= Jeremy Oliver =

Australian wine writer

Jeremy Oliver (born 29 December 1961) is an Australian wine writer, commentator, educator and presenter. Self-published with over 25 years experience, Oliver is the author of the wine guide, The Australian Wine Annual (first published 1997). He is fully independent with no exclusive ties to any media outlet, publishing house or wine producer.

After publishing his first book, Thirst for Knowledge, in 1984, Oliver became the world's youngest professional wine writer. In 2005 Oliver was named the inaugural Wine Writer of the Year by the Australian Wine Selector magazine.

== Career ==
Born in Ballarat, Victoria, Oliver was educated at Melbourne Grammar School.

He completed a Bachelor of Agricultural Science at the University of Melbourne in 1982. Oliver then spent a year in Coonawarra, during which he worked at Lindeman's and Katnook Estate. Following this, in 1984, he completed a Graduate Diploma in Wine at Roseworthy College.

Being one of the few International wine writers with a formal tertiary education in winemaking and viticulture he has stated that if you're going to write critically about wine, the least you can do is to learn how to make it.

Oliver is both a presenter and regular MC of corporate and wine-related events. He has hosted many wine events in Australia including the Maurice O’Shea Award.

In 2006, he toured Australia, hosting wine and cricket dinners (Wine and Wickets) with the legendary cricket commentator, Henry Blofeld.

Oliver is a member of the Melbourne Food and Wine Festival's honorary Board.

== Books and media ==
Jeremy Oliver has authored more than twenty books and written for dozens of publications in many countries including the UK, the US, Russia, Korea, Singapore, Japan and China.

He appears regularly on the Australian Sky News Business Channel and has made hundreds of other appearances on radio and television.

His first book, Thirst For Knowledge, was a light-hearted but informative guide to wine. This was fully updated two years later as More Thirst for Knowledge.

At this time, Oliver was also contributing to a range of publications including The Age in Melbourne. In 1992 he released a wine biography of Len Evans titled Evans on Earth.

Oliver has released a series of three books called The Australian Wine Handbook, which rate both current and back vintages of Australia's most important wines. This concept was the inspiration for Jeremy Oliver's present releases of The Australian Wine Annual, which was first published in 1997. This wine guide features his tasting notes, ratings and commentary.

In 2009, Oliver released Enjoying Wine With Jeremy, becoming the first western wine critic to create and publish a book in China. The book is purpose-written to educate the emerging Chinese market about wine and to encourage them to try Australian wine. Published in simplified Chinese, Enjoying Wine with Jeremy is packed with information about the enjoyment of wine, tasting notes, labels and ratings of 290 Australian wines currently available in the Chinese market.
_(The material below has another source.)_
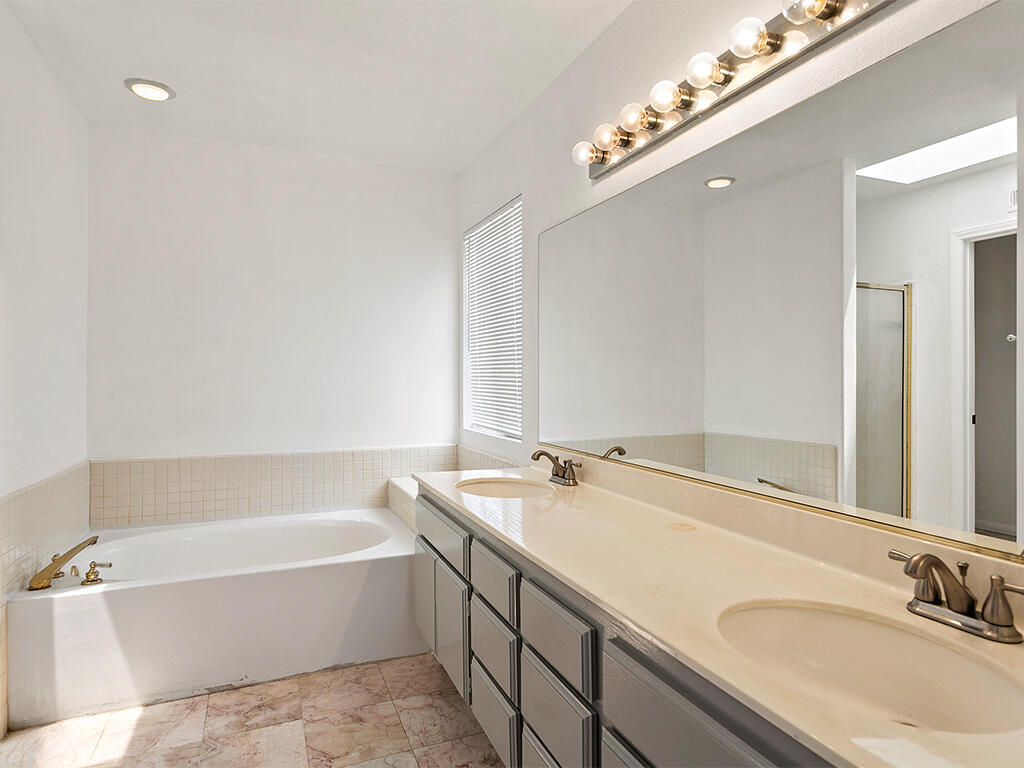 1615 Silvia Avenue Lancaster, CA 93535 - Photo 28 of 54 1615 Silvia - Bath1a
Jeremy also operates his own wine information website, www.jeremyoliver.com.

== Wine scoring methodology ==
When assessing and marking wines: Oliver allocates each a score out of 20. The scores are given on this basis: Wines that score an average of 15.5 out of 20 in Australian wine shows are awarded a bronze medal. Those that score 17.0 are awarded Silver and those that score 18.5 are awarded gold medals.

| Wine Ranking | Regular Score in Jeremy Oliver's Tastings | Medal Equivalent | Jeremy Oliver 100-point score equivalent |
|---|---|---|---|
| 1 | 18.8+ | Top Gold Medal | 96+ |
| 2 | 18.3 - 18.7 | Regular Gold Medal | 94 - 95 |
| 3 | 17.8 - 18.2 | Top Silver Medal | 92 - 93 |
| 4 | 17.0 - 17.7 | Regular Silver Medal | 90 - 91 |
| 5 | 16.0 - 16.9 | Top Bronze medal | 87 - 89 |

== Current ==
Today Jeremy Oliver also works in an ambassadorial capacity for Australian wine, having forged close relationships with Austrade and the Market Development Advisory Committee (formerly known as the Australian Wine Export Council).

Oliver is a recognised Australian wine personality and the face of Australian wine overseas, particularly in Asian markets. He regularly represents the Australian wine industry in key export markets.

Oliver first put the spotlight on wine makers and brands that have become Australian icons and household names including Giaconda Winery, Bindi, Clonakilla and Epis.